==== DATA FOR THIS TASK ====
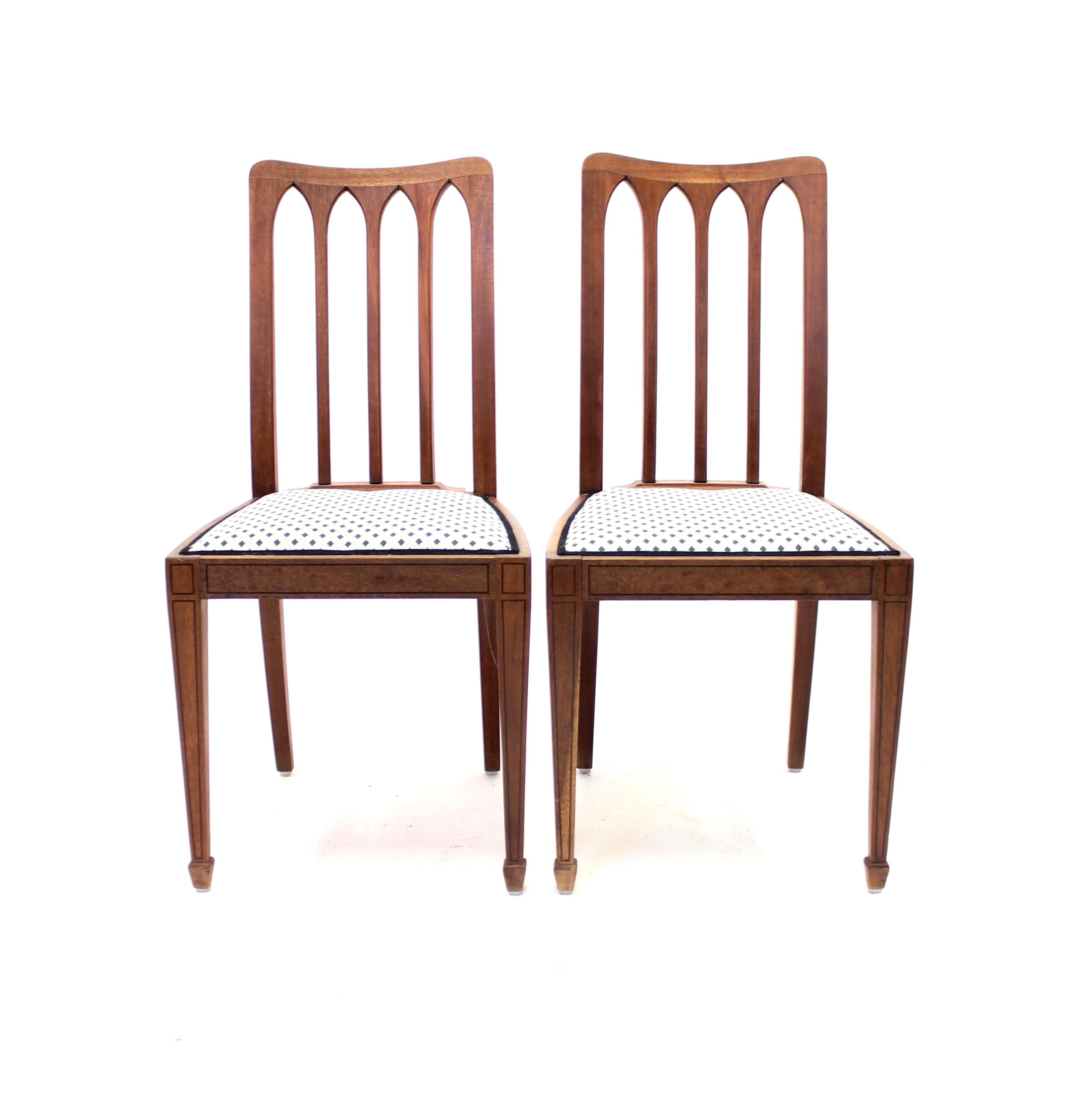 Set of 8 Oak Architectural Arts & Crafts Chairs, Early 20th Century 2
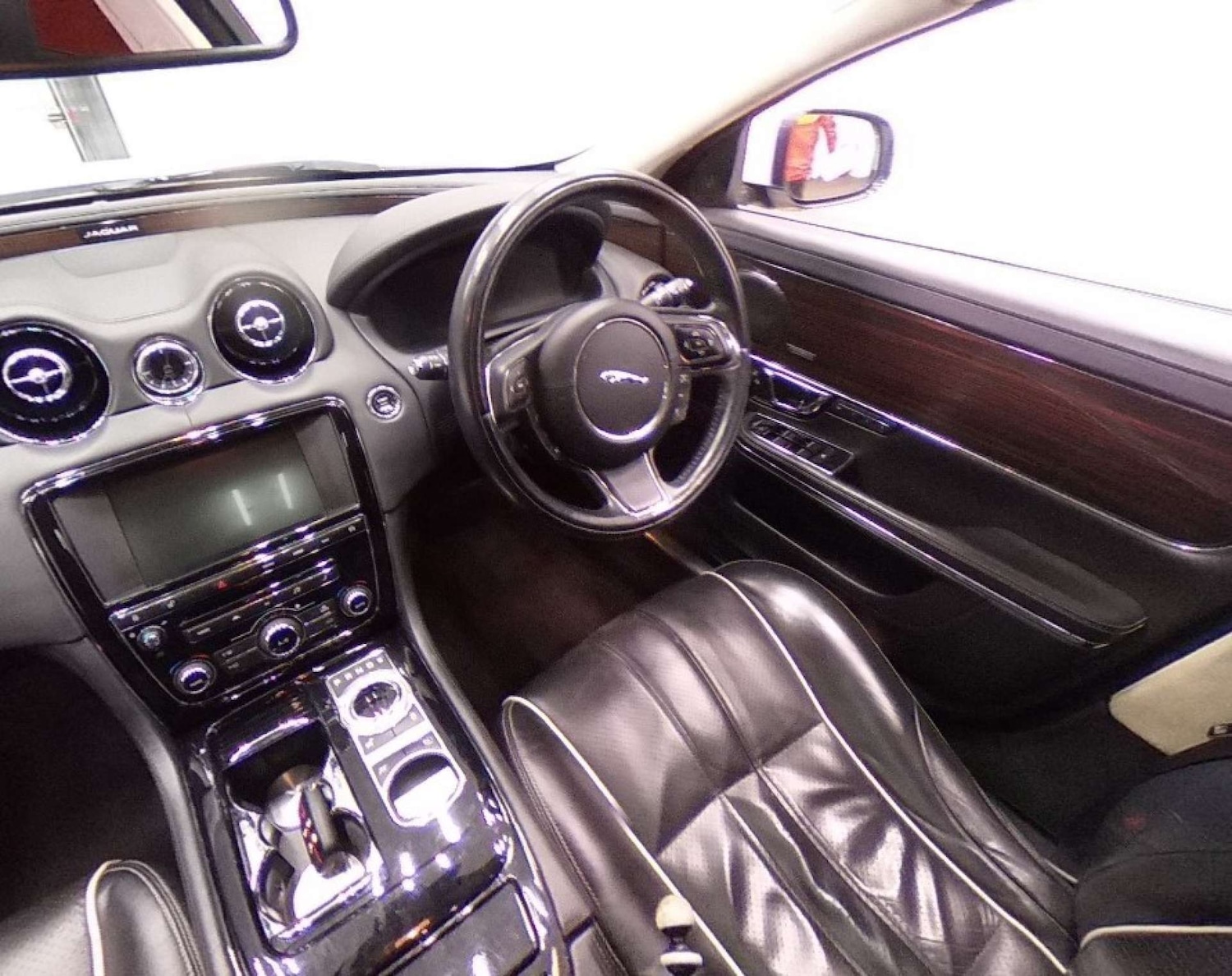 Used Jaguar XJ 2014 for sale - 77539981: Photo 3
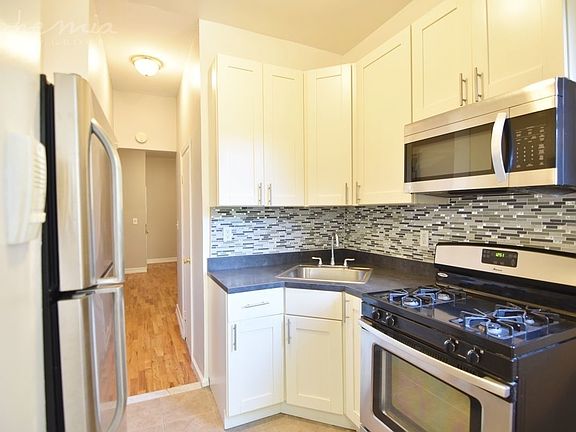 3rd image of 35 Morningside Ave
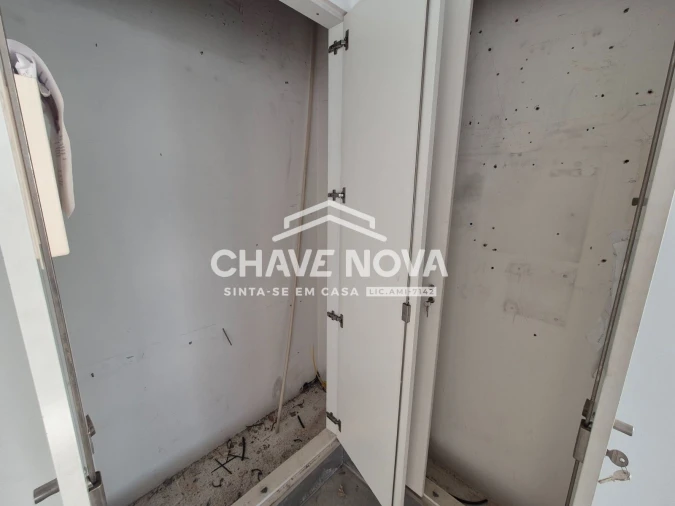 Loja para Arrendamento em Albufeira e Olhos de Água Foto 9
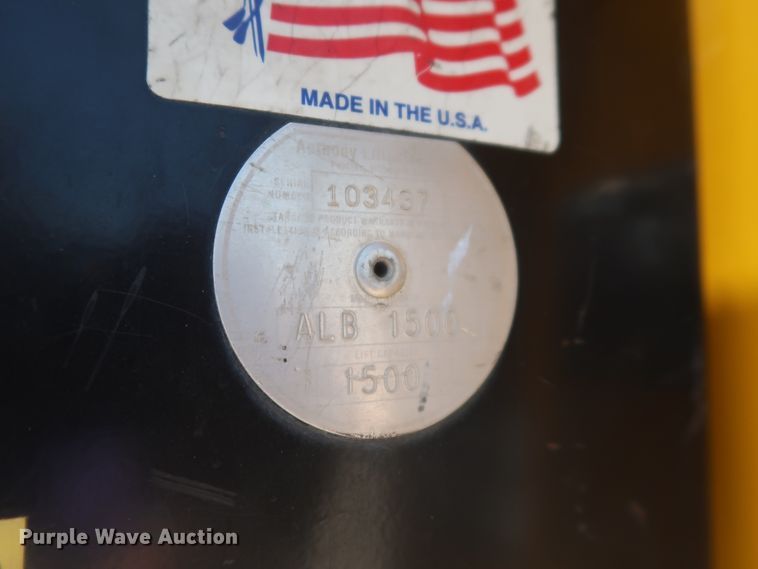 image for item HT9563 2015 Chevrolet Silverado 3500HD  utility bed pickup truck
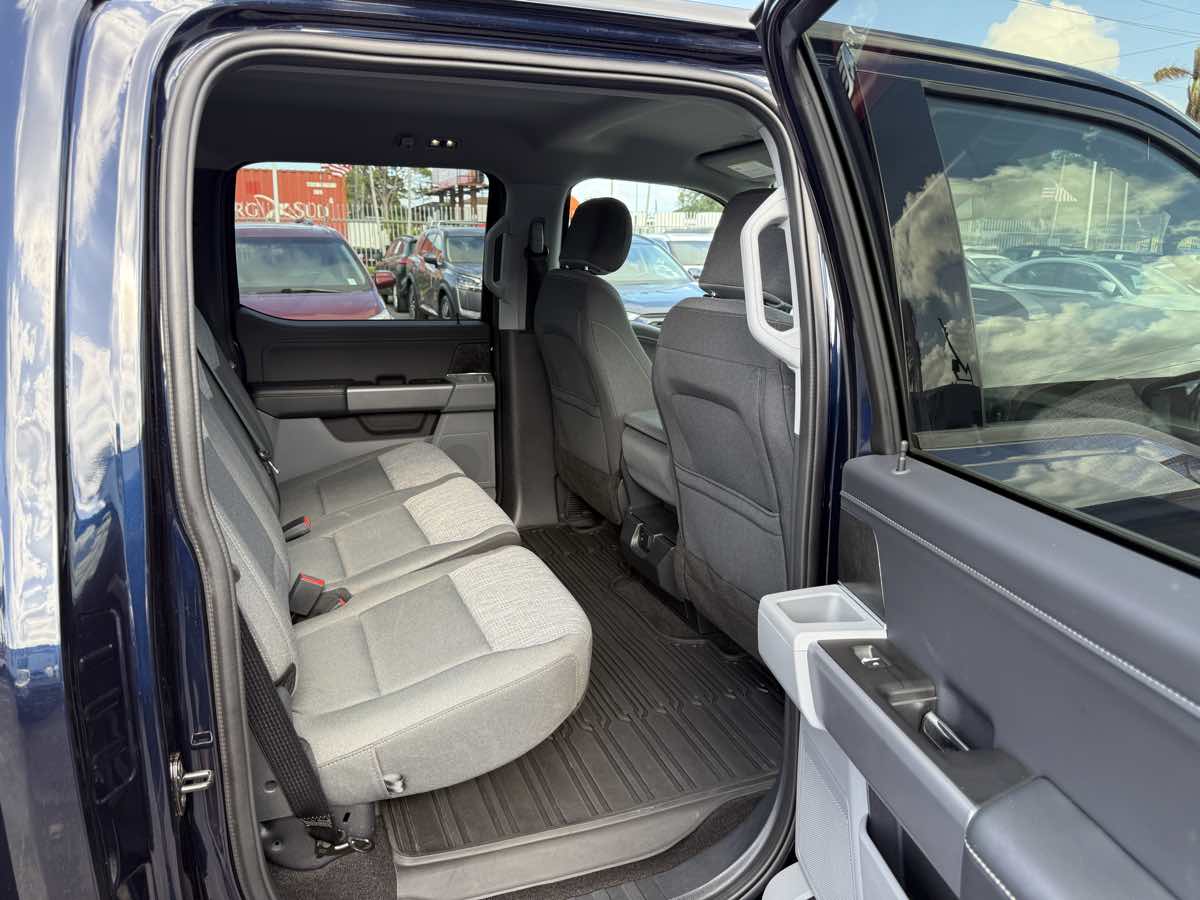2021 Ford F-150 XLT photo 19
====
=== WHAT IS REQUIRED ===
Give back all of the entries above exactly, with the pictures excluded.

=== ANSWER TO THE PROBLEM ===
 Set of 8 Oak Architectural Arts & Crafts Chairs, Early 20th Century 2
 Used Jaguar XJ 2014 for sale - 77539981: Photo 3
 3rd image of 35 Morningside Ave
 Loja para Arrendamento em Albufeira e Olhos de Água Foto 9
 image for item HT9563 2015 Chevrolet Silverado 3500HD  utility bed pickup truck
2021 Ford F-150 XLT photo 19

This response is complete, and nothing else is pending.